Mannheim. Zum Spielzeitauftakt groovt das Schatzkistl enorm: Das Söhne Mannheims Jazz Department (SMJD) ist am Start. Und sie meinen es beim ersten von vier Auftritten in dieser Besetzung hörbar ernst mit dem Titel ihrer Abteilung: Jazz. Musikhochschulabsolvent und Gastmusiker Joe Reinhuber gebührt der erste Ton am Saxofon, schnell steigt Söhne-Drummer Ralf Gustke ein. Wie bei der großen Band bildet er mit Bassist Edward MacLean eine mal filigrane, mal kolossale Rhythmussektion. Und mit Gitarrist Kosho harmoniert er seit Jahrzehnten ohnehin blind. Dazu kommt mit dem Stuttgarter Martin Söros ein Freigeist an den Tasten, der gern mal eine anarchische Interferenz einstreut. Oft, wenn es allzu hübsch zu klingen droht.
„Beam Me Up“, eine Eigenkomposition von Bandleader und Moderator MacLean, ist als erster Titel gut gewählt – die fünf Klassemusiker fangen unterhalb der Umlaufbahn gar nicht erst an. Mit „Das hat die Welt noch nicht gesehen“ folgt die erste von (nur) drei großen Balladen der Söhne, neben „Volle Kraft voraus“ und „Zurück zu Dir“. Deren melodisches Material vor allem Söros immer wieder virtuos zerlegt, um im Refrain verlässlich den Wiedererkennungswert zu bedienen. Das ist live noch radikaler verjazzt als auf dem Album „Söhne Mannheims Jazz Department“ (2020). Dass das Kern-Trio Gustke/Kosho/MacLean keine Lust hat, wie eine Coverband ihrer Hauptcombo zu wirken, sieht man schon daran, dass nur fünf von 14 Songs im Programm aus dem Söhne-Kosmos stammen. Das zeigt auch, dass ein absoluter Standard wie „On Green Dolphin Street“ früh auf der Setlist steht.
Große Klasse im kleinen Rahmen
Spannend wird es, als Rapper Metaphysics, festes Bandmitglied der Söhne seit 1999, dazu stößt. Er beweist nicht nur, dass ambitionierter Sprechgesang mit starkem Flow anschlussfähig zu allen Stilen ist – er zeigt mit eigenen Liedern und von ihm verfassten Söhne-Nummern auch seine Qualität als Songwriter. Allen voran „All Right Now“, der bandbiografische Bandformation zum 30. Jubiläum, der 1995 von Xavier Naidoo ersonnenen Formation. Weil es so gut fließt, rappt er den Hauptteil des Texts gleich zweimal. Und seine Gute-Laune-Nummer „Miracle“ wird lateinamerikanisch angehaucht zu einem der großen Abräumer.
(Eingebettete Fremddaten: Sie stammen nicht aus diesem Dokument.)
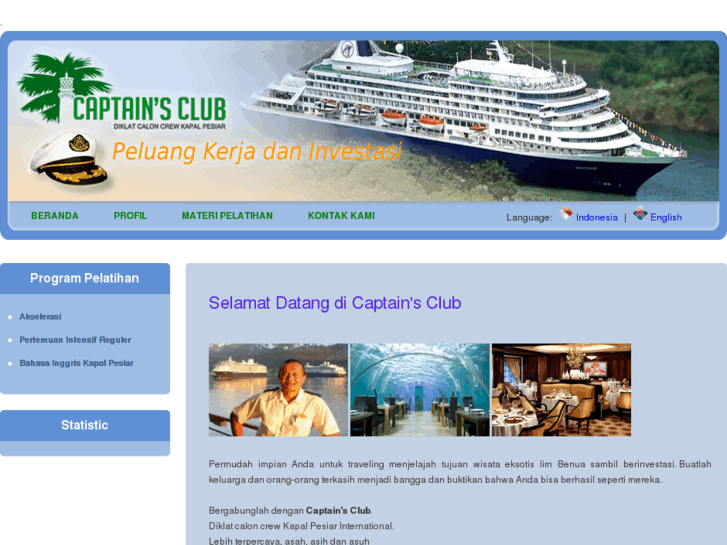 www.captainsclubjogja.com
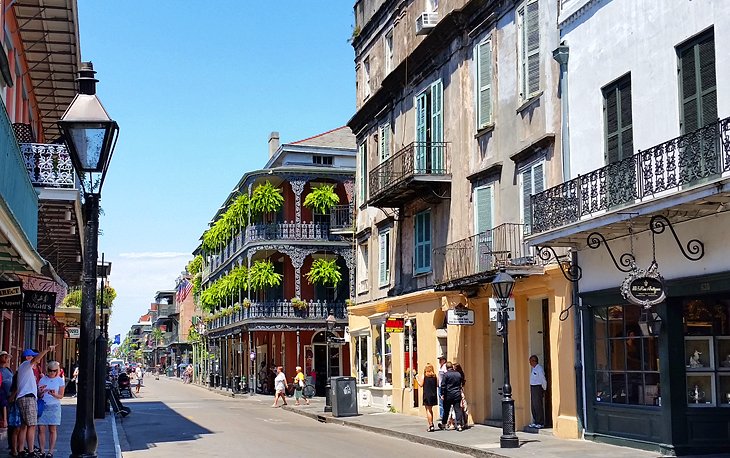 Best Places to Visit in New Orleans Louisiana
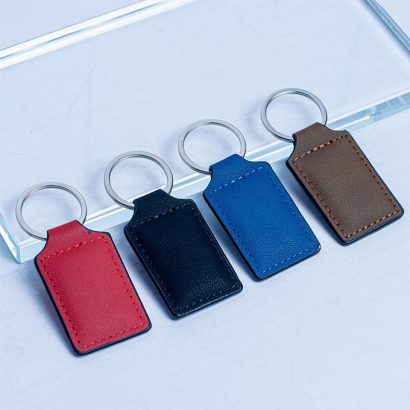Leather-keyholder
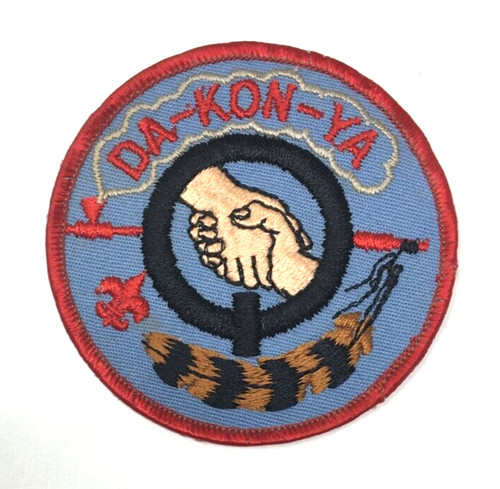 Patch bsa boy scouts kon - boy,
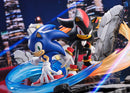 Sonic Adventure 2: Sonic the Hedgehog | S-Fire Super Situation Figure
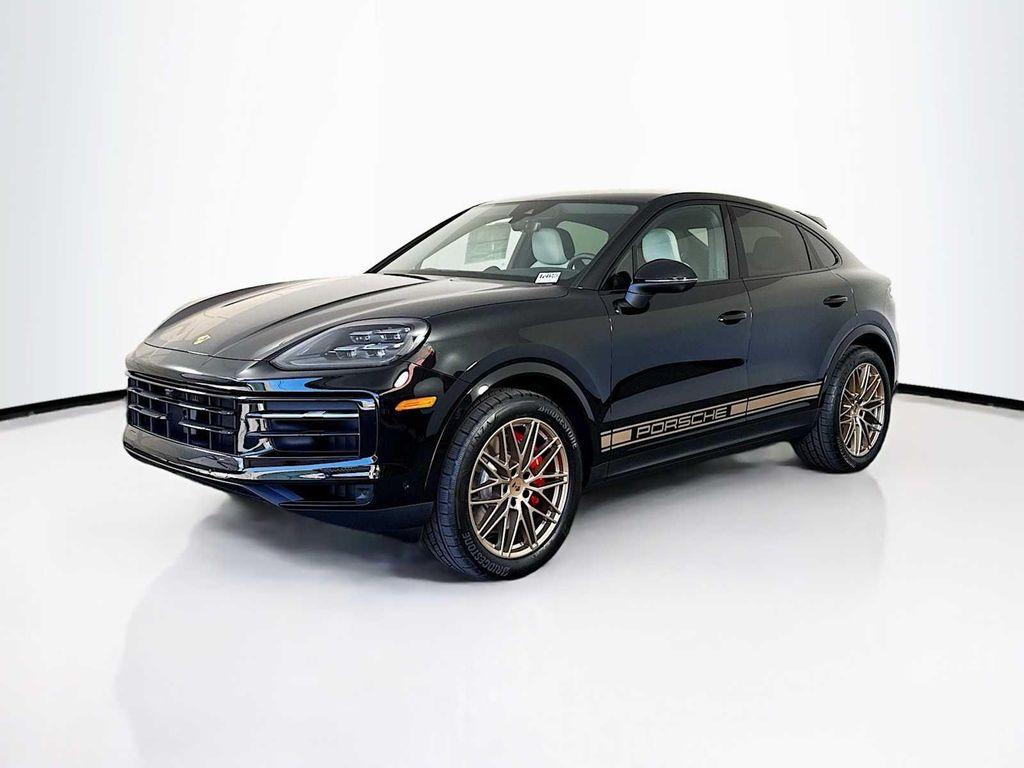 new 2026 Porsche Cayenne car, priced at $128,230
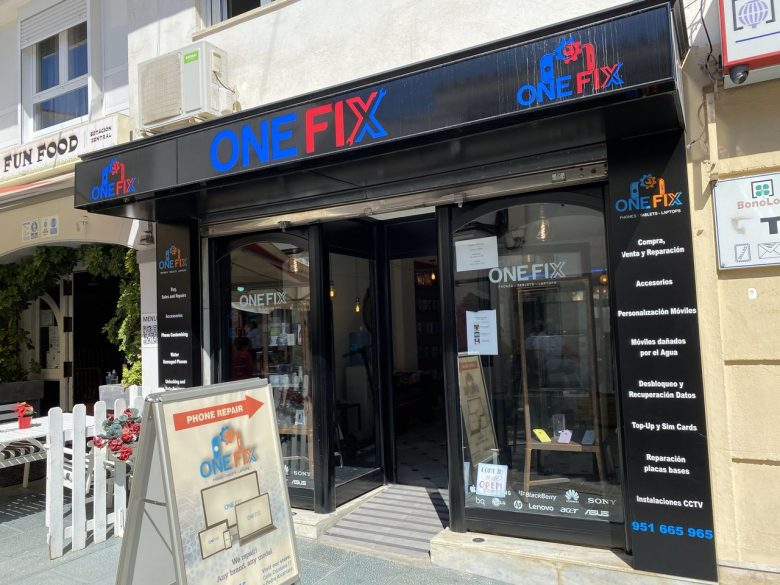 One Fix San Pedro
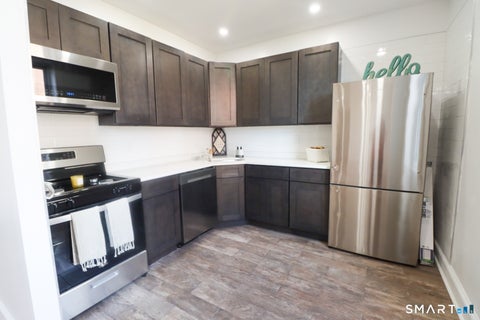 Tiny photo for 156 Garfield Avenue, New London, CT 06320 (MLS # 24195691)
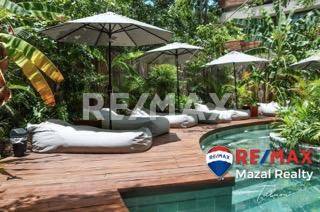Loft de lujo en Tulum, ¡tu paraíso espera! 1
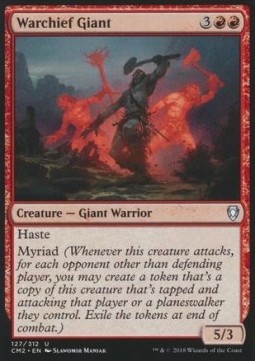 Warchief Giant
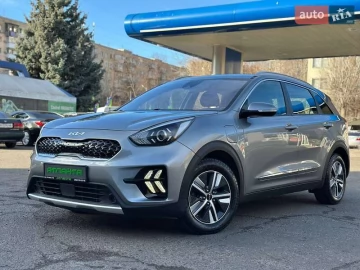 Авто KIA Niro 2021 № 7449852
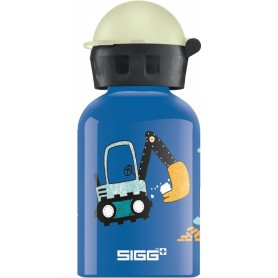 SIGG - Gourde Enfant En Aluminium - KBT - Étanche & Légère - Sans BPA - Certifiée Neutre En CO2 - 0,3L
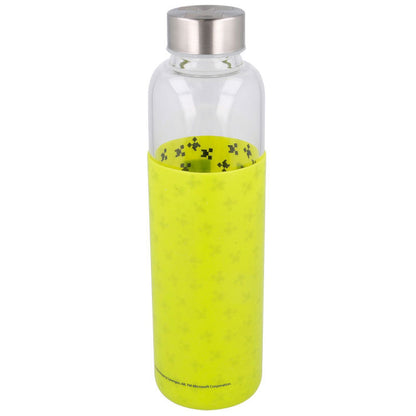 Minecraft Garrafa de Vidro 585ml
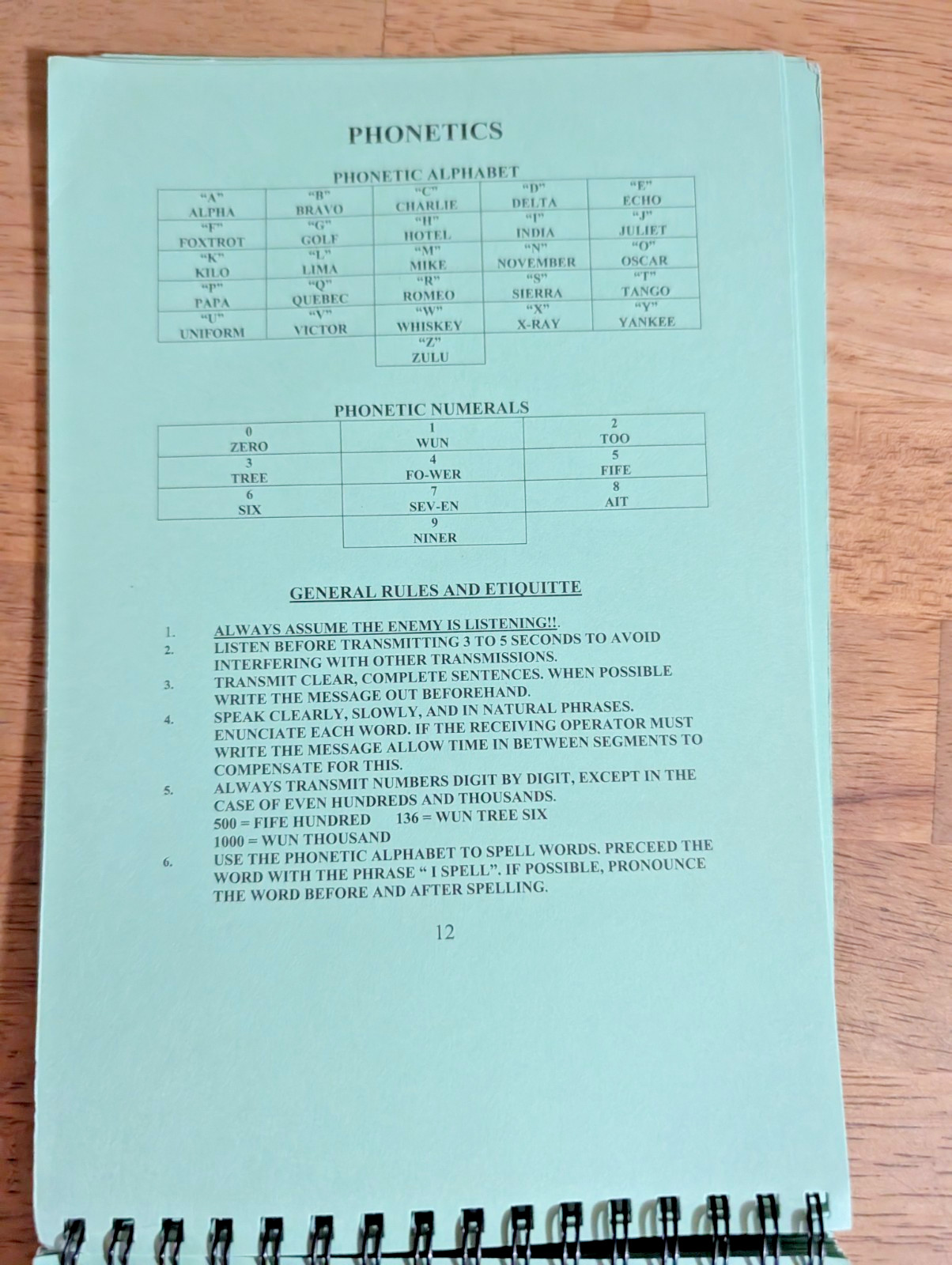Fort Sam Houston Defense Medical Military Training Combat Casualty Handbook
Die lyrischen Parts von Koshos Gitarre und Reinhuber am Saxofon klingen großartig. Vor allem in Kate Bushs „Mother Stands For Comfort“, angelehnt an die Jazz-Version des US-Saxofonisten Walter Smith III. Noch besser wird die gut zweistündige Show, wenn es richtig zur Sache geht – auch mal Richtung Hardbop, Fusion und vor allem Funk. Bei seinem epischen Solo zum Finale des ersten Teils zeigt Gustke, dass er immer noch zu den besten Schlagzeugern der Republik zählt und bringt sogar die beiden lupenreinen Jazzer zum Staunen – und Lächeln.
Hier bekommt jeder Raum zur Entfaltung von großer Klasse im kleinen Rahmen – was insgesamt mehr Publikum verdient hätte, als am Donnerstag wohl ferienbedingt ins Schatzkistl kamen. Die Musiker funktionieren phasenweise auch in allen möglichen Konstellation vom Duo bis zum Sextett – bis hin zu Koshos Solonummer „Release“ als Sänger und Gitarrist.
Am Freitag folgte die besser besuchte zweite Show. In derselben Besetzung kann man das SMJD am 30. und 31. Januar noch einmal im zur Stammspielstätte avancierten Schatzkistl erleben.